Re: Out of order clock values when tracing scheduling events


Yonghong Song
 

Just a wild guess. Could it be due to subsequent bpf invocations are not in
the same cpu? The previous  invocation reads timestamp in one cpu,
and the next invocation gets timestamp in a different cpu.
If two cpus are not sync'ing their cpu's perfectly, you may get an issue?
If there is an update (e.g., NTP), different cpu may have different pace of
adjustment, could this contribute the temporary timestamp divergence?

On Mon, Jul 24, 2017 at 7:43 AM, Nair, Reena via iovisor-dev <iovisor-dev@...> wrote:


Hi,


I am running the program on bare metal, Ubuntu 16.04.2 LTS, kernel version: 4.8.0-40800-generic. I addressed the following suggestions:


  1. - The time between your bpf_ktime_get_ns() and your tsp.update() is
    not instantaneous.   - Changed
  2. Replaced BPF_HASH with PERCPU_ARRAY
Still the problem persists...

Reena.







From: Alban Crequy <alban@...>
Sent: 24 July 2017 16:02:51
To: Nair, Reena
Cc: iovisor-dev@...
Subject: Re: [iovisor-dev] Out of order clock values when tracing scheduling events
 
Hi,

I have another issue with timestamps returned by bpf_ktime_get_ns()
but I am not sure I identified the root cause:
https://github.com/weaveworks/scope/issues/2650
Join GitHub today.

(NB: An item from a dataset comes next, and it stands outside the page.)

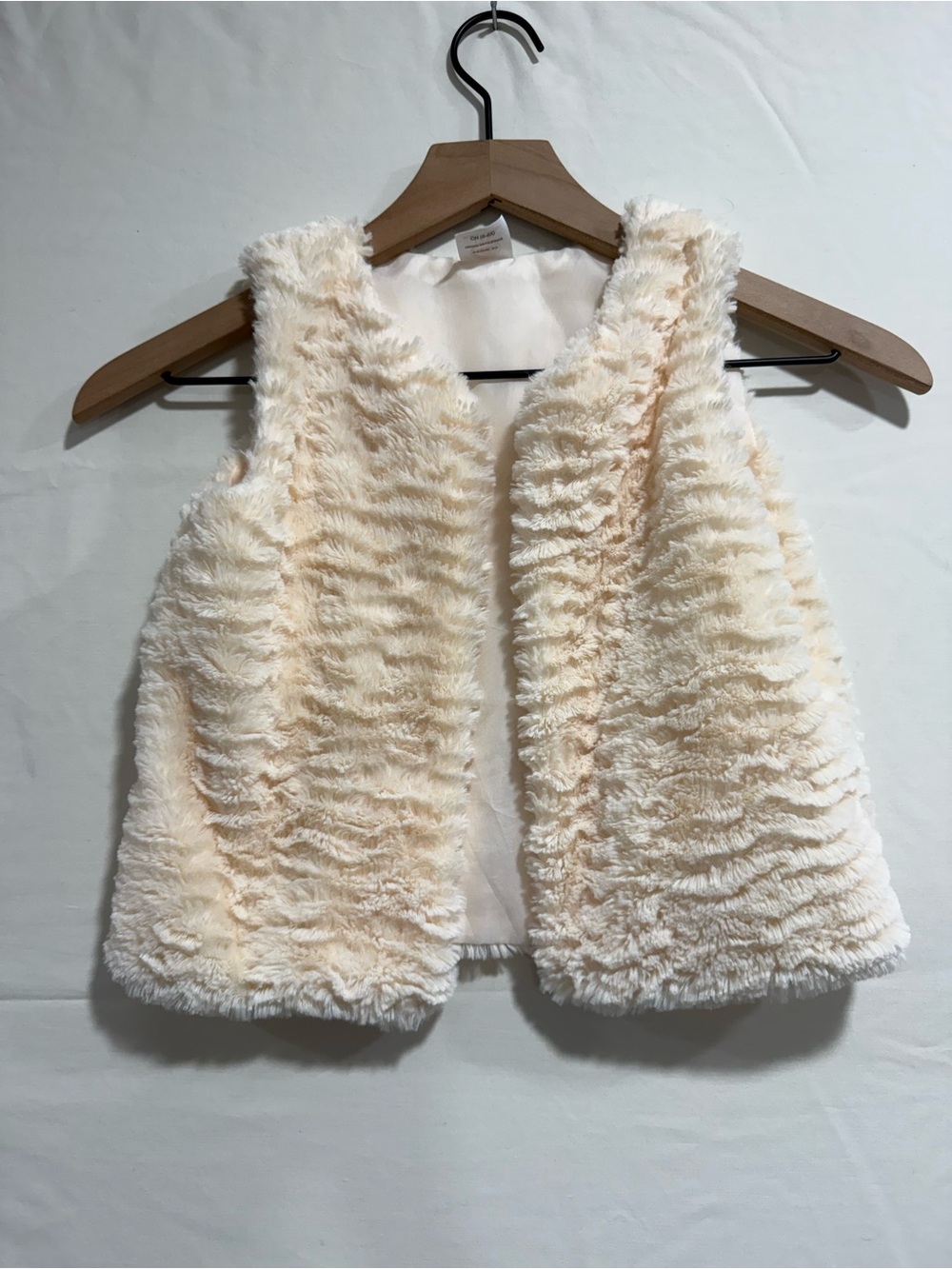 Wonder Nation Girls 6 6X Ivory Faux Fur Plush Vest Cream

GitHub is home to over 20 million developers working together to host and review code, manage projects, and build software together.



I have a few questions that might help to understand:

- Does the issue happen when you use a percpu map?
https://github.com/iovisor/bcc/blob/master/docs/reference_guide.md#7-bpf_percpu_array
bcc - BCC - Tools for BPF-based Linux IO analysis, networking, monitoring, and more



- Do you test on bare metal or on some kind of VM such as on EC2, GCE
or VirtualBox?

My problem does not happen on bare metal, only in virtualized
environments. I noticed that one BPF function can take more than 100ms
in virtualized environments, presumably because the hypervisor
schedule the CPU to another VM. I took two timestamps with
bpf_ktime_get_ns() in the same BPF function and I check the
difference. On bare metal, I have not noticed this kind of variable
time of execution.

- The time between your bpf_ktime_get_ns() and your tsp.update() is
not instantaneous. Another CPU might execute the BPF function
concurrently and finish faster than the first CPU. I have not observed
this kind of issues in practice on bare metal but I have seen that on
GCE.

- I noticed this worrying comment in __ktime_get_fast_ns (code behind
bpf_ktime_get_ns()):
"other CPUs are likely to be able observe [time going backward]"
https://github.com/torvalds/linux/blob/174ddfd5dfbfc2d91a45332f809977050ac3fdc5/kernel/time/timekeeping.c#L386-L388
linux - Linux kernel source tree


I don't understand the full details.

- Which kernel version and which Linux distribution do you use? There
was a kernel bug that caused timestamps to be wrong:
See https://github.com/weaveworks/scope/issues/2334#issue-214111575:
There is a kernel bug introduced by torvalds/linux@27727df (see bcc's report) that makes timestamps be wrong and results in messages like this in scope's logs: <probe> ERRO: 2017/03/13 12:33:19.623...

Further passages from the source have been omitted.